Aun así, hasta esto tiene sus matices. Bien mirado, los movimientos animalistas tendrían que tomar cartas en el asunto de las meadas humanas, puesto que están privilegiadas sobre las de los perros domésticos. Cada vez son más los dueños, especialmente si son dueñas, que bendicen los orines de su mascota como manda la ordenanza: regándolos con un buen chorro de vinagre diluido o producto similar, para esconder su olor. Al hacerlo así, cumplen con la exigencia del Consistorio aunque, inopinadamente, el reguero resultante sobre el pavimento es aún más escandaloso que el de la meada primigenia. De este modo, cuanto más se prevengan los olores caninos más meada parecerá la ciudad. Lo que se viene conociendo como inesperados efectos secundarios o, también, hacer un pan como unas tortas. Otra consecuencia más de haber alicatado Guadalajara entera de granito.
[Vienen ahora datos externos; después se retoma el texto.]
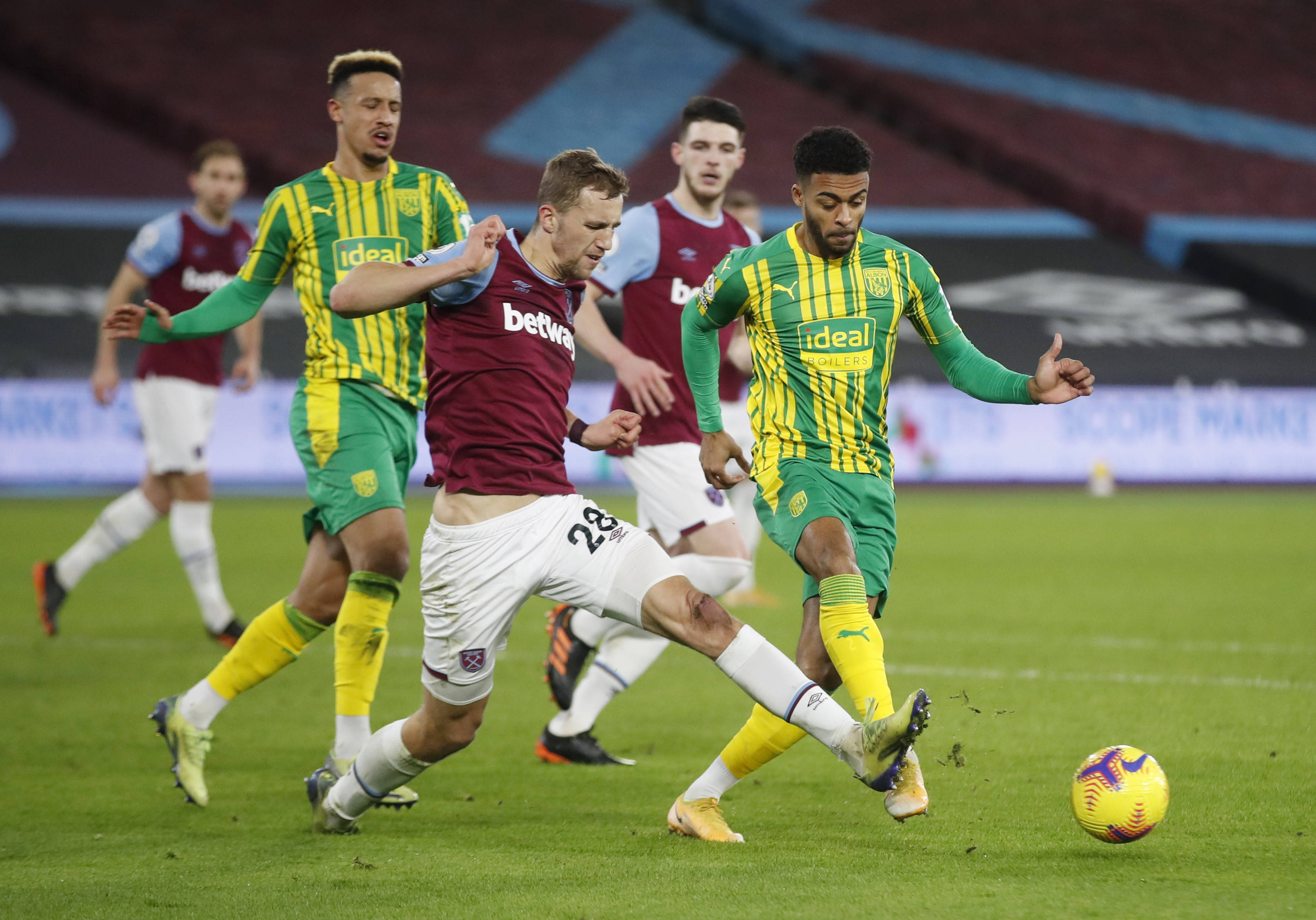 雷成功扑出 雷成功扑出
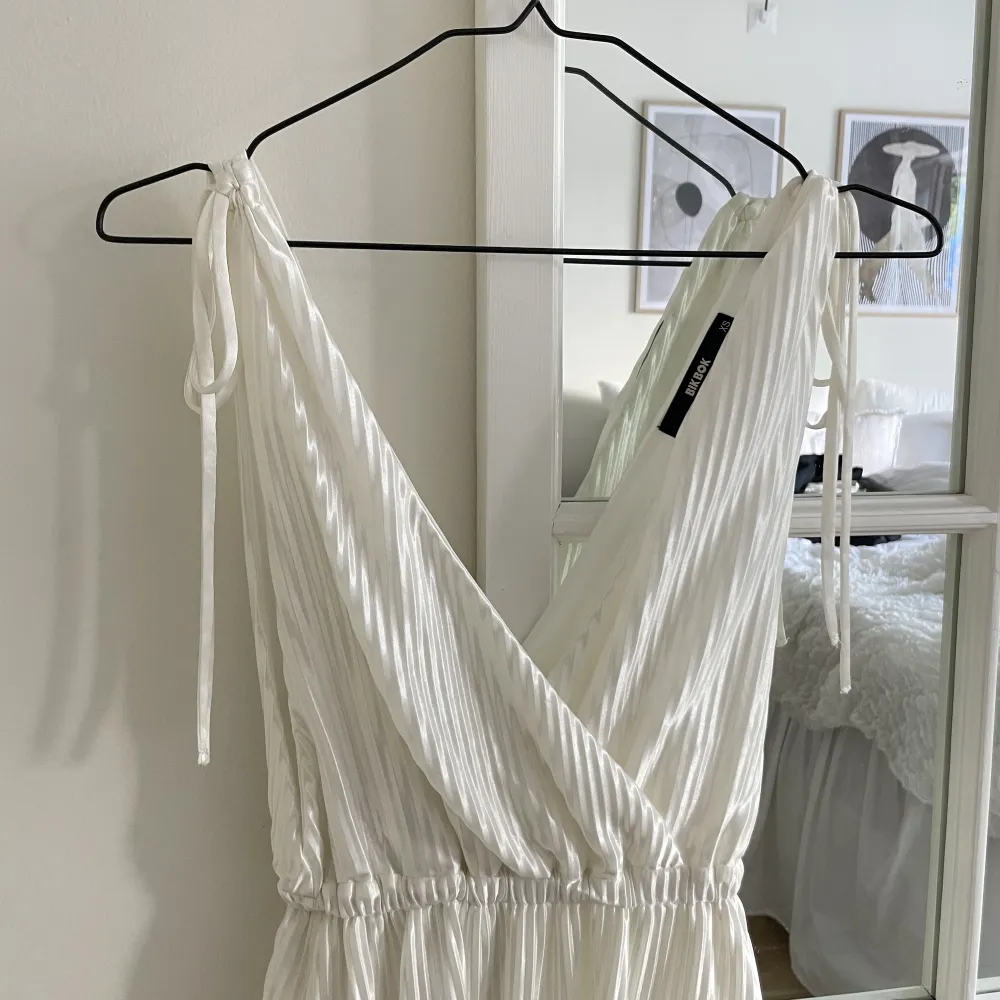 Säljer en vit plisserad klänning i storlek XS, köpt på Bikbok. Klänningen är sparsamt använd och är i fint skick. . Klänningar.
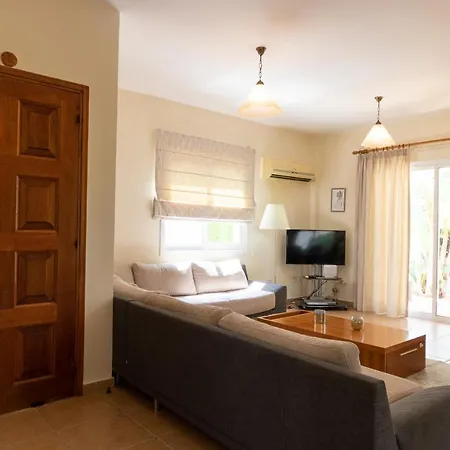 Villa Thalassa With Private Pool *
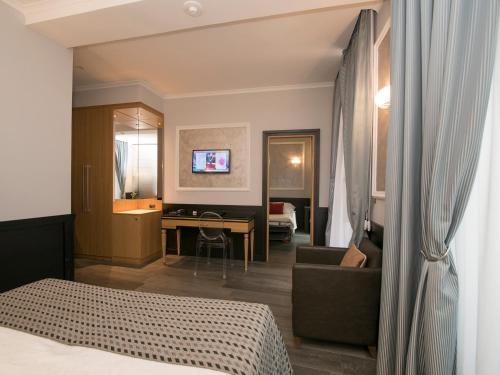 DK Suites - image 3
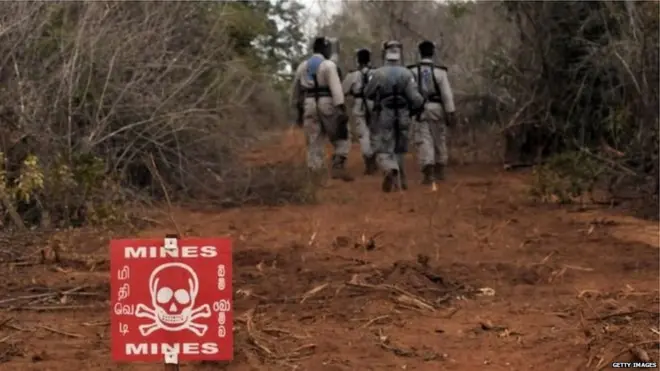 බිම් බෝම්බ ඉවත්කරන කණ්ඩායම්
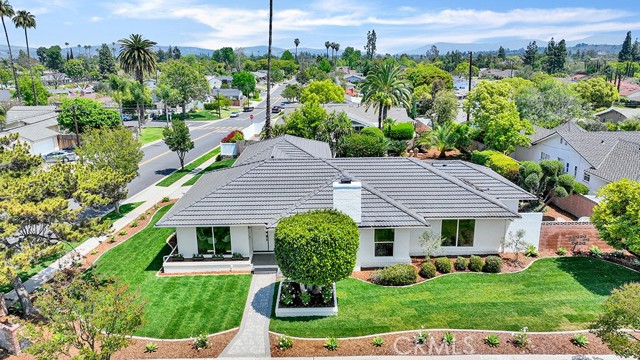 3212 Sunnywood Drive, Fullerton CA: https://media.crmls.org/medias/544d6611-3e91-4e59-aa44-755ac6bbf8cd.jpg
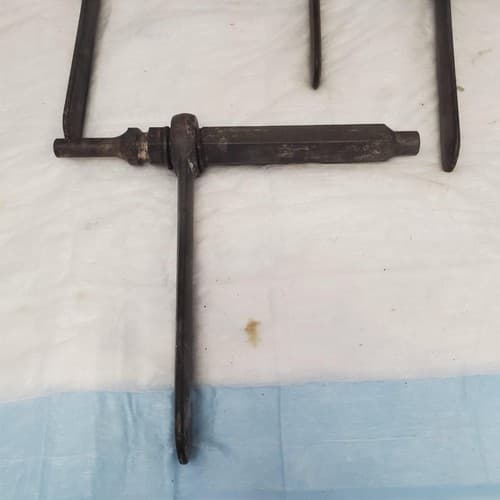 Lot of 4 Assorted Screw Removal Impact Tool LOT-695 - Thumbnail 6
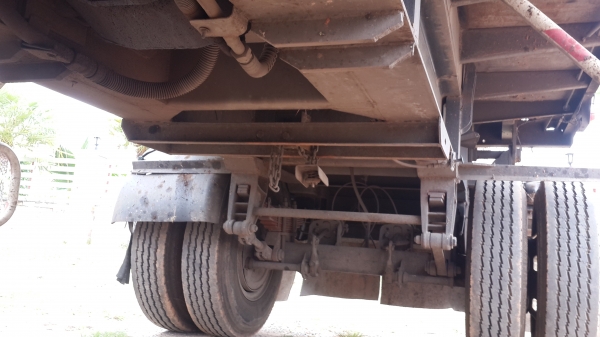 ขายด่วนลูกพ่วงสองเพลาดั้มปี50ยาว6.4เมตรสภาพพร้อมใช้ราคาเบาๆโทร0843923995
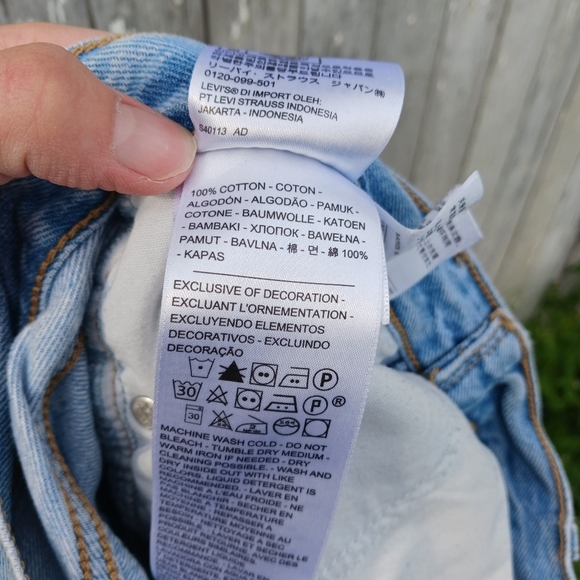 Levi's Wedgie Straight Leg Button Fly Blue Jeans Pants Women’s Size 26 - Picture 2 of 6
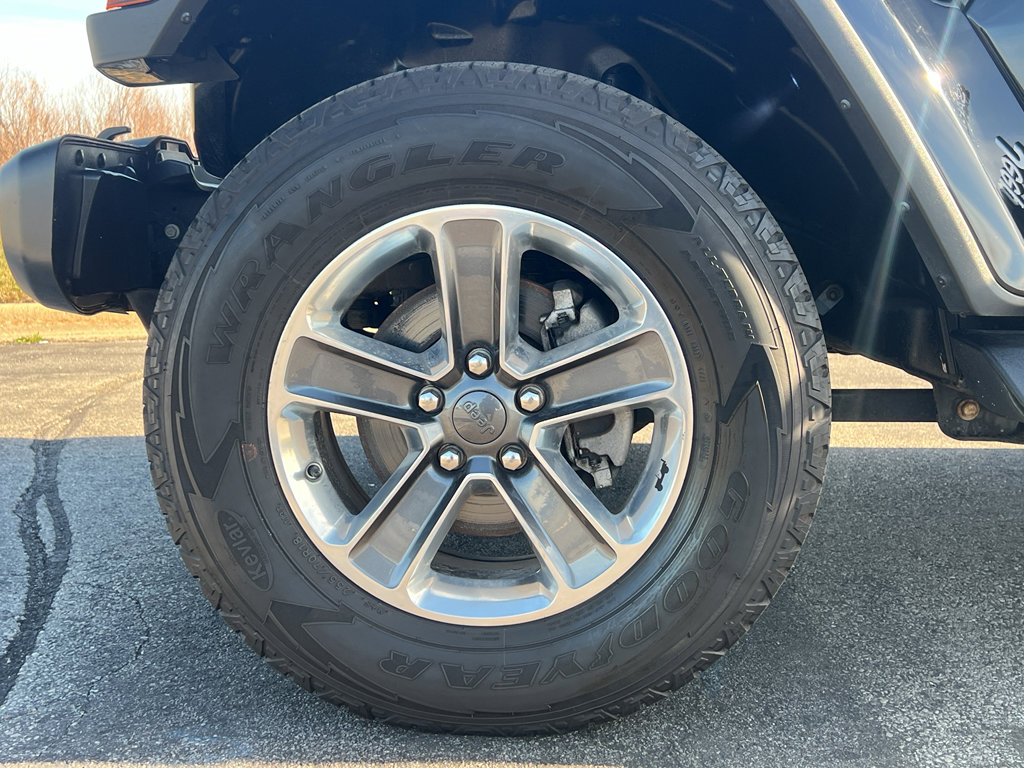 Used 2021 Jeep Wrangler Unlimited Sahara w/ Uconnect 4C Nav & Sound Group image 13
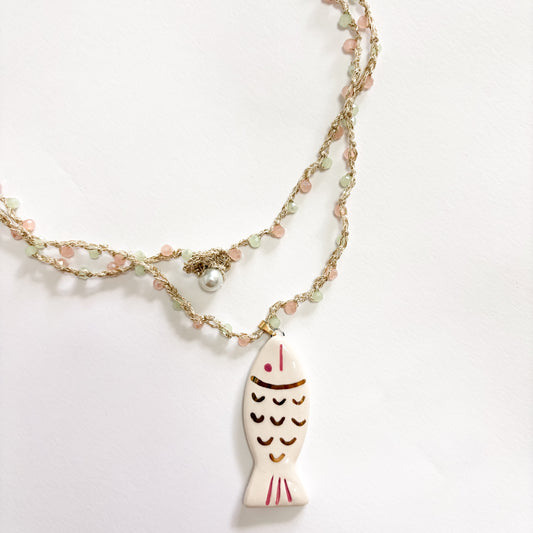 Collar pez beige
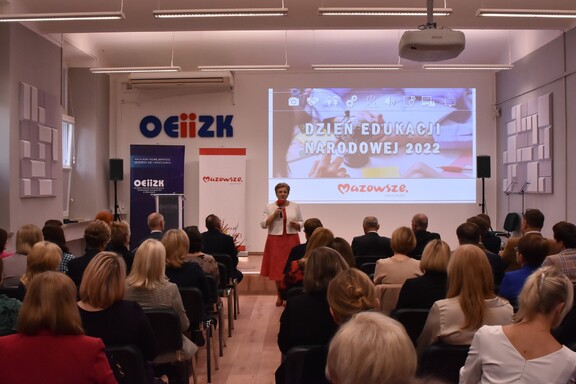 Członek zarządu województwa mazowieckiego Elżbieta Lanc przemawia do zebranych na sali nauczycieli.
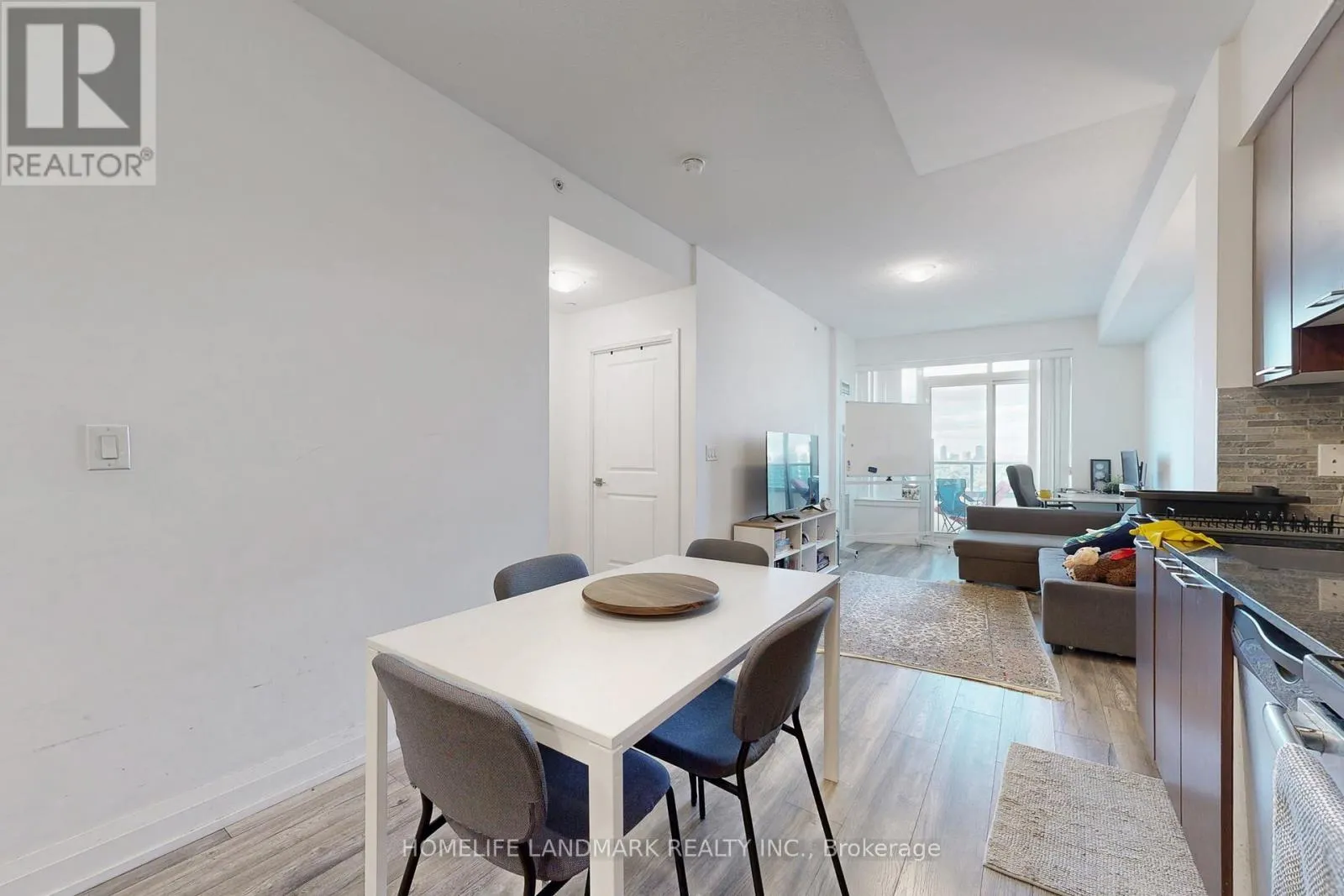 1123 - 7161 YONGE STREET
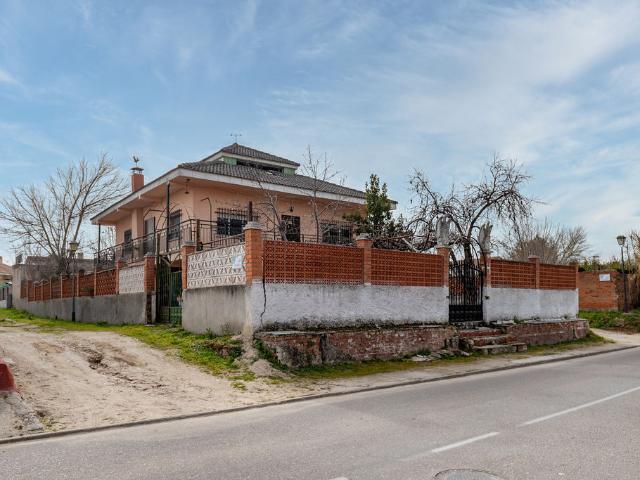 Chalet en C/ Manzaneque nº 4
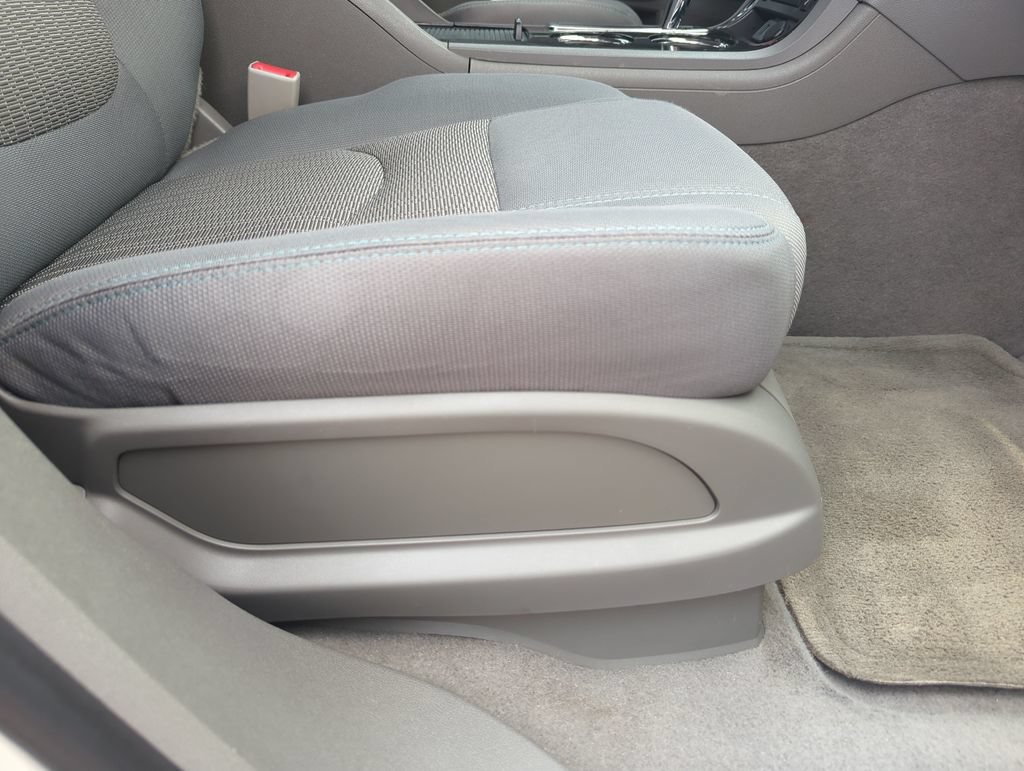 Used 2015 Chevrolet Traverse LT FWD image 38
En todo caso, los vermús de Nochebuena son un servicio público para el bienestar general, no lo dudemos. Ayudan a la caja de los hosteleros; fomentan la sociabilidad; justifican la necesidad de un servicio municipal de limpieza; a los más viejos les traen recuerdos de la infancia, como el de los urinarios que aún yacen sepultados bajo el suelo del Jardinillo. Y, sobre todo, a los miles y miles que se han apiñado entre barra y barra durante tan intensa jornada, les facilitan el trance de la cena familiar: no hay modo más sensato de sobrellevar a los cuñados que llegar cocido a casa. Entre el punto y el punto y medio es suficiente para practicar la evasión interior que facilita el alcohol y así soslayar las estupideces del adjunto de la silla de al lado; y hacerlo en silencio, con discreción y entereza para que tu madre no te arree una colleja o una mirada sumarísima, que es lo peor.
Una dosis adecuada de vermuteo guadalajareño nos mantendrá erguidos, sin necesidades perentorias de acudir al cuarto de baño ni siquiera durante el discurso de Felipe VI. Algunos han conseguido grandes habilidades al respecto, tras duros entrenamientos durante los últimos años.
Ténganlo en cuenta. Sobre todo, a la hora de mear: ni hacerlo sobre el zapato propio ni sobre pared ajena. Es la norma de la nueva urbanidad.